Who is better at determining whether someone’s work has merit than peers within the same field of expertise? For this reason, the peer review process is an effective tool, but when combined with bias, it also has potential to be abused. Even when the author is not made known, in fields with few experts, it may be easy to discern who the author is by simply reading the research paper.

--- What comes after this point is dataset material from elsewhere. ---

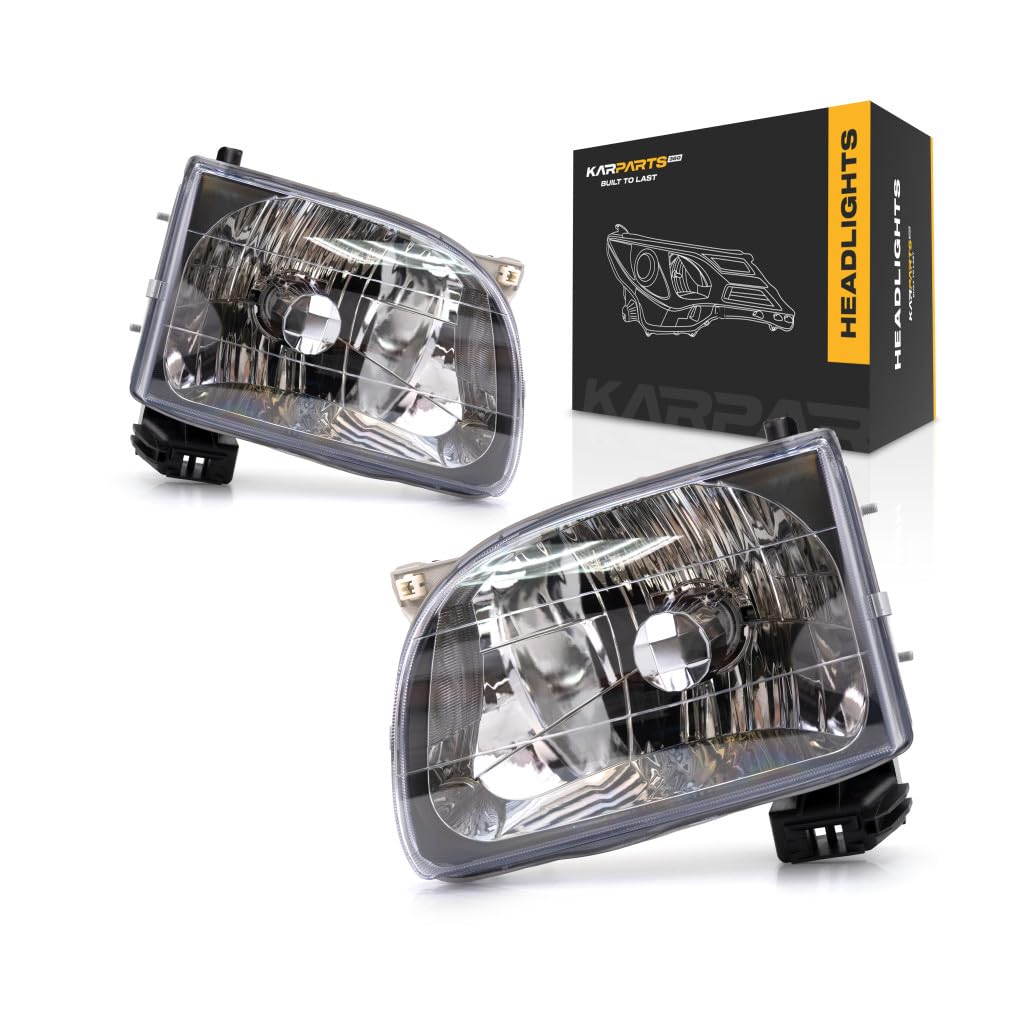 2001-2004 Toyota Tacoma Replacement Headlights Pair - Driver & Passenger Side (TO2502136 TO2503136) | Compatible with OEM 81150-04110 81110-04110 | Perfect for Night Driving & Off-Road Adventures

The Committee on Publication Ethics (COPE) has published basic principles for peer reviews in COPE Ethical Guidelines for Peer Reviewers. According to COPE, peer reviewers should:
- only agree to review manuscripts for which they have the subject expertise required to carry out a proper assessment and which they can assess in a timely manner
- respect the confidentiality of peer review and not reveal any details of a manuscript or its review, during or after the peer-review process, beyond those that are released by the journal
- not use information obtained during the peer-review process for their own or any other person’s or organization’s advantage, or to disadvantage or discredit others
- declare all potential conflicting interests, seeking advice from the journal if they are unsure whether something constitutes a relevant interest
- not allow their reviews to be influenced by the origins of a manuscript; by the nationality, religious or political beliefs, gender or other characteristics of the authors; or by commercial considerations
- be objective and constructive in their reviews, refraining from being hostile or inflammatory and from making libelous or derogatory personal comments
- acknowledge that peer review is largely a reciprocal endeavor and undertake to carry out their fair share of reviewing and in a timely manner
- provide journals with personal and professional information that is accurate and a true representation of their expertise
- recognize that impersonation of another individual during the review process is considered serious misconduct
The peer review process can bolster the quality of work that is presented. Reviewers may spot errors during the peer review but it is impossible to catch all errors. An honest, quality effort should be put forth by peer reviewers to advance science and to maintain transparency and the public’s trust.